The fact that three-quarters of her books were banned in Ireland by the Censorship of Publications Board, despite being regarded as "as wholesome as homemade bread" elsewhere, can be considered indicative of the repressive nature of 1940's Ireland.

Laverty also wrote numerous children's stories including The Cottage in the Bog (1946) and The Green Orchard (1949). The latter became a textbook as part of the national curriculum in Ireland, and an English language textbook in schools in the Netherlands.

=== Plays ===
The founders of the Gate Theatre in Dublin, Hilton Edwards and Micheál Mac Liammóir, had read and enjoyed Laverty's last novel Lift Up Your Gates, and Edwards suggested that she adapt it into a stage play. It was produced in 1951 and became a massive critical and commercial success. Laverty subsequently wrote two other plays for the Gate, Tolka Row and A Tree in the Crescent, in 1951 and 1952. Tolka Row was the biggest success out of the three: it was revived multiple times and produced by dozens of amateur companies throughout the decades; it is also mainly responsible for keeping the Gate Theatre financially afloat during the 1950s, although Laverty was often forced to chase Edwards and Mac Liammóir for payment for over a year, and she was never paid properly by them for her work, even though her plays were hits.

=== Television work ===
She was the writer of Telefís Éireann's Tolka Row, the new television station's first drama serial that ran between 1964 and 1968, adapted from her second play Tolka Row.

== Death and legacy==

Laverty died on 28 July 1966 at her home in Dublin, as a result of coronary thrombosis. Her papers are deposited in the National Library of Ireland.

A biography, The Maura Laverty Story, by Seamus Kelly, was published in 2017.

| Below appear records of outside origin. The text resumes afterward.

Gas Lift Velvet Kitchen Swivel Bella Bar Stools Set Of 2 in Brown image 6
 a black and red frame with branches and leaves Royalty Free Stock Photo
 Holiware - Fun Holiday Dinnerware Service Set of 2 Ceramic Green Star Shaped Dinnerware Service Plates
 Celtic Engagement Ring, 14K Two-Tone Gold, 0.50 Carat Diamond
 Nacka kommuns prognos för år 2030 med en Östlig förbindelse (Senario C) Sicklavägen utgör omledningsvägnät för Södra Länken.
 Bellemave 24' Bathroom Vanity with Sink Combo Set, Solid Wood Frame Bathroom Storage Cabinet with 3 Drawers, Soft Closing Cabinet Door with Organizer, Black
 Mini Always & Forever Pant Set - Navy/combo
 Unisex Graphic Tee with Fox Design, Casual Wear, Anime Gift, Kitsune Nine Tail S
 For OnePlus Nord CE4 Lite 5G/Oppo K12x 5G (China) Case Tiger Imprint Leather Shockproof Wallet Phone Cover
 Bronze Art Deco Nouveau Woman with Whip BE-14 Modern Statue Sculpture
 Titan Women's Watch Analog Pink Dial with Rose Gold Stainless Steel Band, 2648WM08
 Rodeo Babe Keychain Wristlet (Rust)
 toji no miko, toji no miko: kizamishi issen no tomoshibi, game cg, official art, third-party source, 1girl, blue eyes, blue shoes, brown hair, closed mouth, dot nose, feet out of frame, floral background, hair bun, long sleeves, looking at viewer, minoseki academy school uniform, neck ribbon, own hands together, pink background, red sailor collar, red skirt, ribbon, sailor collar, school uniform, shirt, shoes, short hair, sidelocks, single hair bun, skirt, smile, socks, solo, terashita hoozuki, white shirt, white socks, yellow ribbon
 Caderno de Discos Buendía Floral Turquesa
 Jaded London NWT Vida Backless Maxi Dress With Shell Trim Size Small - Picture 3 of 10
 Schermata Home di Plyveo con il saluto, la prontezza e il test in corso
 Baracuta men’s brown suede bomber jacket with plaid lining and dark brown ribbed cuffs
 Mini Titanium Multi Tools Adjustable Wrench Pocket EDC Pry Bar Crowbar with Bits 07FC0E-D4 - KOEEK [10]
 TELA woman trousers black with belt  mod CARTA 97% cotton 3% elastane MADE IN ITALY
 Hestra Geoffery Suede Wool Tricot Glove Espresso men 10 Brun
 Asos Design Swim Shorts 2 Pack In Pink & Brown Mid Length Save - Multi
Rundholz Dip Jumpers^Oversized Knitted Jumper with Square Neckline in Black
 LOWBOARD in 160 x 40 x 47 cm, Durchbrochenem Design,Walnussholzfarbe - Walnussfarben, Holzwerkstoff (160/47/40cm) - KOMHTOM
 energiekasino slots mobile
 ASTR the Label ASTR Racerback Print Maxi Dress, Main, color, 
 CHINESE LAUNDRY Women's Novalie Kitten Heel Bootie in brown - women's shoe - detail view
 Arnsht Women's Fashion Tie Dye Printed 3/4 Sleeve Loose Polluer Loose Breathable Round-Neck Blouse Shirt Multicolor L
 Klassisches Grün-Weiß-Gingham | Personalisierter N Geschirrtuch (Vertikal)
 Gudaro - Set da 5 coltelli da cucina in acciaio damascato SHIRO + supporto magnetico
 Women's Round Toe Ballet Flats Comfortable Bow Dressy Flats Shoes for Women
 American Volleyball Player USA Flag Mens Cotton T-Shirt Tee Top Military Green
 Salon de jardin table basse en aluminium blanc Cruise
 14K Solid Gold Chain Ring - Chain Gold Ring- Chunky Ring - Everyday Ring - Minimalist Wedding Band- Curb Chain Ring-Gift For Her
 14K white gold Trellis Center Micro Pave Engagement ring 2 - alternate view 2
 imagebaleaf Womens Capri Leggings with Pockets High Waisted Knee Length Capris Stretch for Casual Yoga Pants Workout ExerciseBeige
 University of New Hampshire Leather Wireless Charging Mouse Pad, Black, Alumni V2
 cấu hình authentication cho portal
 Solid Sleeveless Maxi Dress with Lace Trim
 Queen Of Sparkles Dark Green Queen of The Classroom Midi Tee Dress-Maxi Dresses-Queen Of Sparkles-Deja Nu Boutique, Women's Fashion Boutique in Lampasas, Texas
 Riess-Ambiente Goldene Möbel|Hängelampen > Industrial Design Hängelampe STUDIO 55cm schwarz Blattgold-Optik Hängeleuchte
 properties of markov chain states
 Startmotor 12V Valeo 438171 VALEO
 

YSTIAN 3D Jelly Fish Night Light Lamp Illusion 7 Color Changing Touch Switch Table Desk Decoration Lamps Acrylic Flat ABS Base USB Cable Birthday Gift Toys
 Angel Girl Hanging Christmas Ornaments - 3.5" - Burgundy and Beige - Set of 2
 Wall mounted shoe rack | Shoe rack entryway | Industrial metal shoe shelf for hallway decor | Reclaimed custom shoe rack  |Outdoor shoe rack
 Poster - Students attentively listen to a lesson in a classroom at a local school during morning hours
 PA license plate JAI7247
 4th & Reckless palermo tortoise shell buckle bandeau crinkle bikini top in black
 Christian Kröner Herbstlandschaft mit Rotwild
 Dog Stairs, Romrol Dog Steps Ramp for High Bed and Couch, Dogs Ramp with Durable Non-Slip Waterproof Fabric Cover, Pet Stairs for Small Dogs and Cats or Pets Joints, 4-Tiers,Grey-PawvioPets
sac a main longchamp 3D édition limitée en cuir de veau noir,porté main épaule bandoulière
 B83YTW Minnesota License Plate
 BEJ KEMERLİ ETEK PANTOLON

A play based on her life, Maura Laverty–This Was Your Life, by Bairbre Ní Chaoimh and Yvonne Quinn premiered in Dublin in 2019.

==Selected works==
===Novels===
- Never No More - ISBN 0872430138 (1942)
- Alone We Embark (1943), issued in the United States as Touched by the Thorn
- No More than Human (1944)
- Lift Up Your Gates (1946), issued in the United States as Liffey Lane

=== Children's books ===
- Gold of Glanaree (1945)
- The Cottage in the Bog (1946)
- The Green Orchard (1949)
- The Queen of Aran’s Daughter Publisher: Poolbeg Press; New Ed edition (13 March 1997), ISBN 1853717118, ISBN 978-1853717116

===Plays===
- Liffey Lane (1951)
- Tolka Row (1951)
- A Tree in the Crescent (1952)

===Cookery===
- Flour Economy (1941)
- Kind Cooking (1946)
- Maura Laverty’s Cookery Book (1948) A reprint of Kind Cooking, it was republished by Longman's UK
- Feasting Galore - Recipes and Food Lore from Ireland (1952) – published in the US
- Full and Plenty (1960) – published by the Irish Flour Millers Association

==Critical pieces==
- Luke Gibbons, 'From Kitchen Sink to Soap; Drama and the Serial Form on Irish Television', in Transformations in Irish Culture (Cork UP 1996), pp. 44–69.
- Maura Laverty, 'Profile', RTÉ Guide, 13 May 1966, p.15; Gibbons, p.56.
- Never No More - Maura Laverty Remembered, RTÉ Radio 1 documentary broadcast on 18 June 2011.